Your goal: The output should be every line below that includes the word "Road".

Stored data entries
++++++++++
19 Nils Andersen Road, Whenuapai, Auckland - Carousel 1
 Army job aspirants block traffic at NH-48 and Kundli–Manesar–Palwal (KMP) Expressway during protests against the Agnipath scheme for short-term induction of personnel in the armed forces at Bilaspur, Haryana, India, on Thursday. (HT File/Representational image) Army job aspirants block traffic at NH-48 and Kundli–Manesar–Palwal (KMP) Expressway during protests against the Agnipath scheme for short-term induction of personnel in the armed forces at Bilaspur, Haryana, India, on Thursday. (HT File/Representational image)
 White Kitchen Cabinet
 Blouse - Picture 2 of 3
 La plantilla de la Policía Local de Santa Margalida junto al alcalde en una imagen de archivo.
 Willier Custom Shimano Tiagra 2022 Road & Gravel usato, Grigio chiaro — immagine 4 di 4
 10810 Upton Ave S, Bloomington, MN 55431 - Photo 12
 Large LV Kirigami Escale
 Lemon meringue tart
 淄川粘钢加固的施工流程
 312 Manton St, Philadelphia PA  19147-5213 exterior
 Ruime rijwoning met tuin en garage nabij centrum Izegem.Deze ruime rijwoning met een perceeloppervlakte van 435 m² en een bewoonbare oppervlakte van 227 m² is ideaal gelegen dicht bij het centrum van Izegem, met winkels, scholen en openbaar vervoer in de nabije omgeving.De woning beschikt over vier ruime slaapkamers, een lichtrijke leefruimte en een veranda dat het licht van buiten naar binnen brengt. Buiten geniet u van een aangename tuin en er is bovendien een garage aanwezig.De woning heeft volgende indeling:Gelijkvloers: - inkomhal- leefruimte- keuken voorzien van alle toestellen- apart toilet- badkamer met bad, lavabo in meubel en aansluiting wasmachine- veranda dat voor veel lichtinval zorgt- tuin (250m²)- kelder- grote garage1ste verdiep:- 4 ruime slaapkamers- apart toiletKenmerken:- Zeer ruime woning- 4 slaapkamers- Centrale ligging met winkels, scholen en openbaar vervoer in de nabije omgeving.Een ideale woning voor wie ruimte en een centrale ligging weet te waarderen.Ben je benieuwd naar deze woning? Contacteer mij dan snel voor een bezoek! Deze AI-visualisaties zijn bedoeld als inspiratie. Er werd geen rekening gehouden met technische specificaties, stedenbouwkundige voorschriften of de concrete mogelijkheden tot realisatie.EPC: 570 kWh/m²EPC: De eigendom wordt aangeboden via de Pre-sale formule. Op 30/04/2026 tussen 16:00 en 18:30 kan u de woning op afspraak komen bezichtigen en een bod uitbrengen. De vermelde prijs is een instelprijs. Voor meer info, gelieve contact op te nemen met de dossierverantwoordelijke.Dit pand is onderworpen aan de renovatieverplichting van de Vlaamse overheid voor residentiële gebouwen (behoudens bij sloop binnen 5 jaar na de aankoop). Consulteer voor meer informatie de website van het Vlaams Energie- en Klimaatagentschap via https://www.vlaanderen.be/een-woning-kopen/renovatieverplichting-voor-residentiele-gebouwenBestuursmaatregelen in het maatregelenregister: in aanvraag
++++++++++
Worked solution:
19 Nils Andersen Road, Whenuapai, Auckland - Carousel 1
 Willier Custom Shimano Tiagra 2022 Road & Gravel usato, Grigio chiaro — immagine 4 di 4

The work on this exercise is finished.